### Instructions for the task
Leave out the pictures and output exactly the lines below from the one with "1983 Safari 4" down to the one with "Macy's Cubic Zirconia", both of them included.
The records START
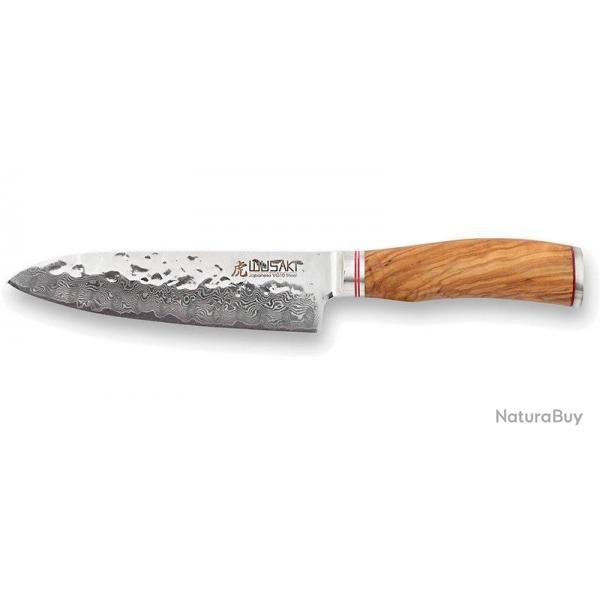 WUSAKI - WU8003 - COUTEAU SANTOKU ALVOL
The records END
The records START
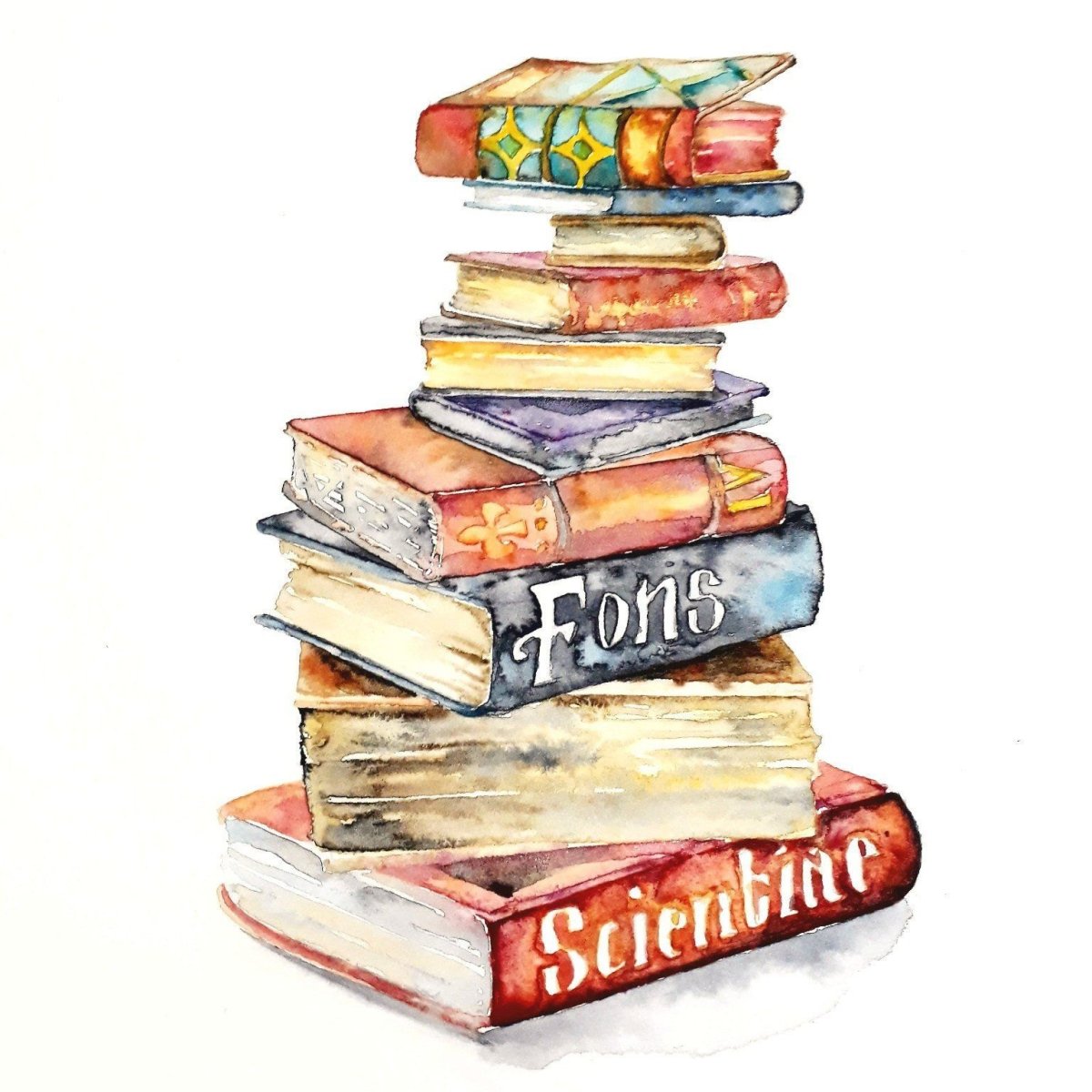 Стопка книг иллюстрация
The records END
The records START
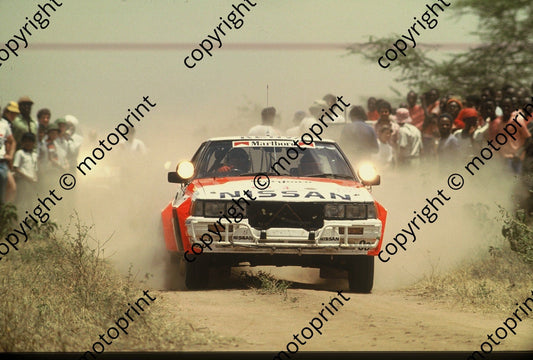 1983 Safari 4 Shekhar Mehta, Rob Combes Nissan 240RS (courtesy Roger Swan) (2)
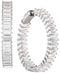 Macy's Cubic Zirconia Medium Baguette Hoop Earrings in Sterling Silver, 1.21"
The records END
### Answer section
 1983 Safari 4 Shekhar Mehta, Rob Combes Nissan 240RS (courtesy Roger Swan) (2)
 Macy's Cubic Zirconia Medium Baguette Hoop Earrings in Sterling Silver, 1.21"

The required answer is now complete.